-- Data below follows --
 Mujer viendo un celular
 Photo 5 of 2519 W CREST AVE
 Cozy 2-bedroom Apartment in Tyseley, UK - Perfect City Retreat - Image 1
-- Data below concluded --
→ Task details
Give back exactly the lines from the one containing "Photo 5 of 2519 W CREST AVE" through the end of the listing above, with both ends included and nothing added.

→ Task output
 Photo 5 of 2519 W CREST AVE
 Cozy 2-bedroom Apartment in Tyseley, UK - Perfect City Retreat - Image 1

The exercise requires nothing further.